1. A specified business must identify any business relationships where it has used the provisions in paragraphs 6 or 10 of Schedule 3 to the Law and relevant rules in chapters nine and ten of the Handbook regarding Appendix C Businesses, Intermediary Relationships and Introduced Business because the introducer, intermediary or Appendix C business is a Bulgarian financial services business.
2. Reliable introductions - For all such business relationships identified under point 1 where reliance has been placed on an introducer in accordance with paragraph 10 of Schedule 3, the specified business must ensure that measures required under paragraph 4 of Schedule 3 and associated rules in the Handbook regarding customer due diligence are met for each of those business relationships.
3. Appendix C businesses - For all such business relationships identified under point 1 where the specified business’s customer carries on a business in Bulgaria which is regulated and supervised for anti-money laundering and terrorist financing purposes and to which the specified business has applied the measures in section 9.6 of the Handbook, it must ensure that the verification measures required under paragraph 4 of Schedule 3 and associated rules in the Handbook are met.

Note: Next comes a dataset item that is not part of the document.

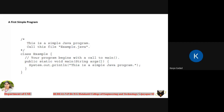In the last class, apart from some theory concepts, we also started with programming and the basic syntax you need to understand to write a simple program in Java. Since Java is a completely object-oriented programming language, you always need to start writing your program using classes. Classes and objects are the two concepts that make Java object-oriented, which is the backbone of the Java programming language.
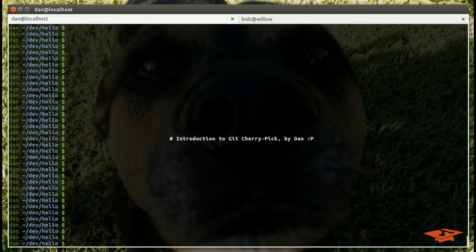Hey everybody, this is Dan once again with another git tutorial video. Today I'm going to talk about git cherry-pick. So let's go ahead and get started.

4. Intermediary relationships: For all such business relationships identified under point 1 where the intermediary is treated as the customer in accordance with paragraph 6 of Schedule 3 and rules in section 9.8 of Chapter 9 of the Handbook, the specified business must either: a. Ensure that the correspondent relationship requirements set out in paragraph 5(1)(b) of Schedule 3 and rules in Section 8.6 of the Handbook are met; or

2 b. Ensure that the measures required under paragraph 4 of Schedule 3 and associated rules in the Handbook regarding customer due diligence are met for each of the intermediary’s customers. 5. A specified business must notify the Commission where it is unable to remediate any business relationship identified in point 1 in accordance with either points 2, 3 or 4 by 31 March 2024, detailing the additional risk controls put in place for those business relationships. The Commission recognises that there may be exceptional circumstances where a specified business cannot complete elements of points 2, 3 or 4 above prior to 31 March 2024. In these circumstances, the Commission would expect a specified business to apply the requirements of paragraph 7 of Schedule 3 and rules in section 4.5 of the Handbook regarding timing of identification and verification. However, where customer due diligence cannot ultimately be completed a specified business should, in accordance with paragraph 9 of Schedule 3 and rules in section 4.7 of the Handbook terminate the business relationship and consider whether a disclosure should be made to the Financial Intelligence Unit. 6. Relationship risk assessments: a specified business must review by 31 March 2024 all business relationships for which Bulgaria is a relevant risk factor to assess its risk exposure, and where the level of risk has changed take relevant mitigating measures. The Commission will review the action taken by specified businesses to comply with this Instruction during on-site inspections and by other supervisory means as necessary.